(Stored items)
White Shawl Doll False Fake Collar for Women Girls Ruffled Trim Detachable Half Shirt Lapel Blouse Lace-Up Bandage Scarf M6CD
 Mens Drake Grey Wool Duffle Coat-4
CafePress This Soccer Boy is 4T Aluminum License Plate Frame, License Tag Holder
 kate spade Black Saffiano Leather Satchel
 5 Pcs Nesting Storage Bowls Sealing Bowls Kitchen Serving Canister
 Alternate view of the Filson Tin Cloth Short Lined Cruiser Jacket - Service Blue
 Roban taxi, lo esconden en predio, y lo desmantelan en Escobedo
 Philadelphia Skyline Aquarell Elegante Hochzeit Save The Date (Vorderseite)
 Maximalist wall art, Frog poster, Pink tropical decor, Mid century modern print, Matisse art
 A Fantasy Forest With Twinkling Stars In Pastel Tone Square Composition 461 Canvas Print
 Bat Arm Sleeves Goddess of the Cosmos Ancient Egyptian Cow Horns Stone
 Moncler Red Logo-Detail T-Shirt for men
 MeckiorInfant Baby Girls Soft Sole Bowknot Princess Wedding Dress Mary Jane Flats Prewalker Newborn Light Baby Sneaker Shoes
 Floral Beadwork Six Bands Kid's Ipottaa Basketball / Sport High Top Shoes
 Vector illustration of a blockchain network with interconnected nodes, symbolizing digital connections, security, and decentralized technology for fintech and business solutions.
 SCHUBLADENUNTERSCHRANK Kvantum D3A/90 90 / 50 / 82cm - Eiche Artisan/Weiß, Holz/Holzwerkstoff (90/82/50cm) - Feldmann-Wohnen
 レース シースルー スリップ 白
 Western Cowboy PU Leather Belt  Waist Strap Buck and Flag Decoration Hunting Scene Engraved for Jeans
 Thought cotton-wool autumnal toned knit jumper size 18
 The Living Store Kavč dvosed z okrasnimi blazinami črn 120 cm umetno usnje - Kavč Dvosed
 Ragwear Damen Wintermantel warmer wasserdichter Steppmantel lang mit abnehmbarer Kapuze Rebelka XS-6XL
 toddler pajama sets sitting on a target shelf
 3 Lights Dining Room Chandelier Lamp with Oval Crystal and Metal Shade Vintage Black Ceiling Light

• _What to produce_
For the string "Shoes", go through the entries above and copy each line where it occurs.

• _Output for this task_
 MeckiorInfant Baby Girls Soft Sole Bowknot Princess Wedding Dress Mary Jane Flats Prewalker Newborn Light Baby Sneaker Shoes
 Floral Beadwork Six Bands Kid's Ipottaa Basketball / Sport High Top Shoes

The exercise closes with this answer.